The lie he starts with is that he grew up "with the fantasy that anything in print must be true." Well, that itself cannot be true, for he also remembers a childhood in which he already knew aliens haven't abducted Elvis no matter what the Weekly World News said.
So there, gotcha, ha ha ha. Really, this column makes me seriously depressed. That's not so much by the maiming Dr. Ruben seeks to inflict on the corpus of science journalism but by the judgment at Science that led to this composition's being published as anything remotely useful. Now, it is a fact that we journalists tend to be thin-skinned. We are quite aware that we are prone to occasional exaggeration, just plain error, and inability to keep science in perfect perspective. We know our world is flawed so we may lash out in hurt and fury when somebody is so churlish as to point it out and especially so if its done with a sneer. But even allowing for such neuroses on this side of the fence the column is so heavy handed, apparently genuinely hostile, and false in its depiction of what is typical that.... acckkkkkkk!!!
(Late addition: For rebuttal, one offers at more or less random the recent NYTimes Magazine article by Wil S. Hylton on Craig Venter and designer microbes. If one removed from it all elements that entail writer's tactics that at all reflect what Ruben ridicules, one would be left with a stale, flat story of little impact or enduring impression. That is, dreck.)
OK, I get it. The Ruben piece is deliberate provocation and I fell for it. The gotcha is on me. He's just doing to us, via distortion and selection, what he says we do to scientists. Good one! And one more thing. We science journalists are typically all too happy to hear opening remarks by scientists - at events (such as journalism prize ceremonies) rich with those in our trade - on how very very important we are to the spread of scientific information through the general public and what enormous talent many of us have. That's the spirit! We bask in our own importance. But if your head gets so swollen with such encomiums that it's hard to walk straight, read this.

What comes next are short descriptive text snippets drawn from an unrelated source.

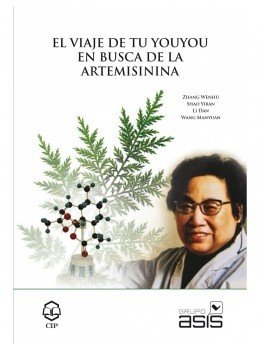 El viaje de Tu YouYou en busca de la artemisinina, de Wenhu, Zhang | portada del libro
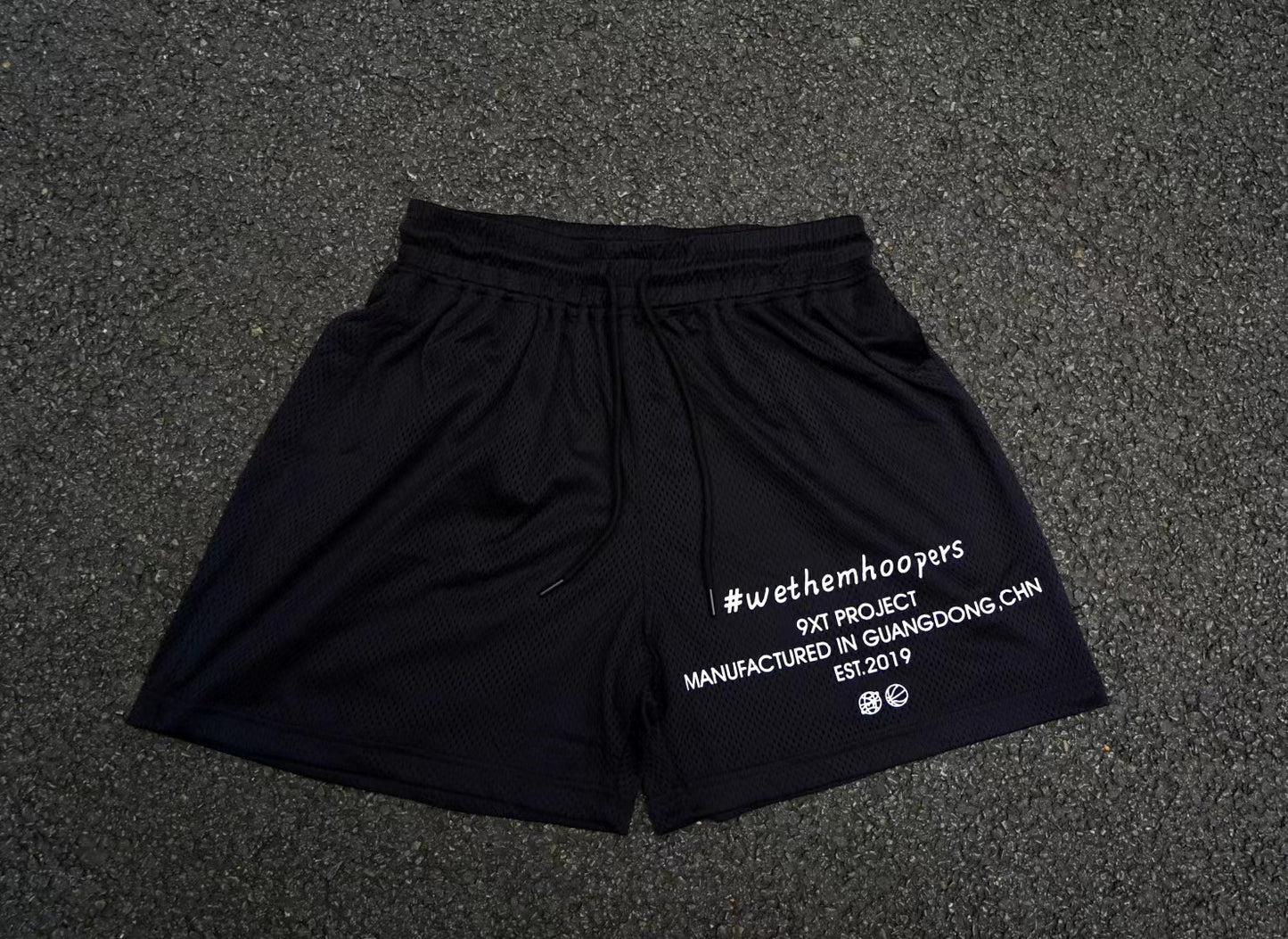 #WeThemHoopers Series - Mesh Sports Shorts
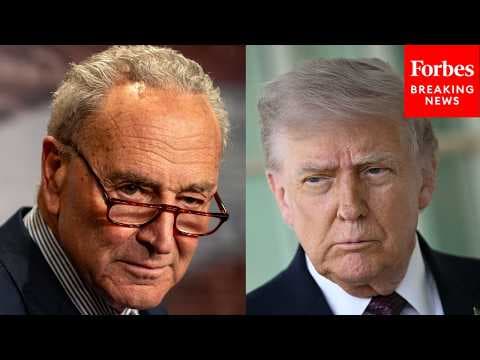 Chuck Schumer Tears Into Trump Over Iran War, Previews Fifth Vote On Iran War Powers Resolution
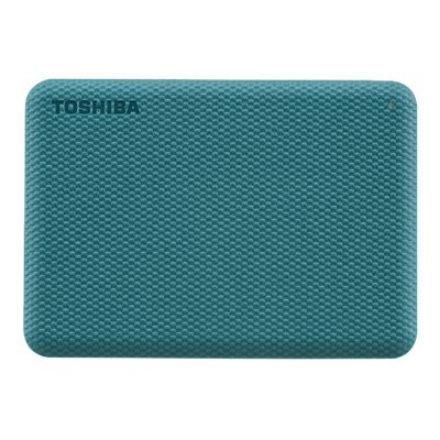 Canvio Advance | HDTCA10EG3AA | 1000 GB | 2.5 " | USB 3.2 Gen1 | Green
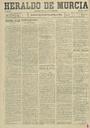 [Issue] Heraldo de Murcia (Murcia). 28/9/1901.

(Thx to Seth Borenstein for making sure we saw this - as you'll see in next post down, Deb Blum got riled too).
Grist for the Mill: Adam Ruben's website. (Where we learn he is sarcastic in every direction, an equal-opportunity ego-puncturer)
- Charlie Petit


Comments
Another P.S. Charlie, did you intend the (Corrected*) headline to still indicate that the article was from Science and not Science Careers?
Thanks Charlie--I fully understand. And I appreciate your gracious response.
Respectfully,
Jim
Jim - Sigh. Not my best day yesterday.
Correction made on the misidentification of Science Careers. It was easy to do, as the Science flag is right on the page, but I wasn't fully aware of what Science Careers is. Thanks for taking the time to comment.
As for the post's structure and theme, my intent was to take readers through my sequence of unfolding awareness. This being, first, taken in entirely by this parody, then realizing I was ruffling my feathers to little purpose. I got huffy out of an overdose of seriousness - specifically, too dim initially to realize that the gotcha was entirely for Adam to say to me, not the other way around. By the end of the piece with its link to Adam's website and comment on the nature of his humor, I got to where I wanted to be. But my route may not have been sufficiently clear.
As a postscript, I thought I'd provide another sample of Adam's writing, from an earlier article, that I hope will show that he understands the value of effective science communication:
>>Many scientists see writing as a means to an end, the packing peanuts necessary to cushion the data they want to disperse to the world. They hate crafting sentences as much as they hate, say, metaphors about packing peanuts.
But there’s a reason scientific journal articles tend to be dry, and it’s because we’re writing them that way. We hope that the data constitutes an interesting story all by itself, but we all know it usually doesn’t. It needs us, the people who understand its depth and charm, to frame it and explain it in interesting ways.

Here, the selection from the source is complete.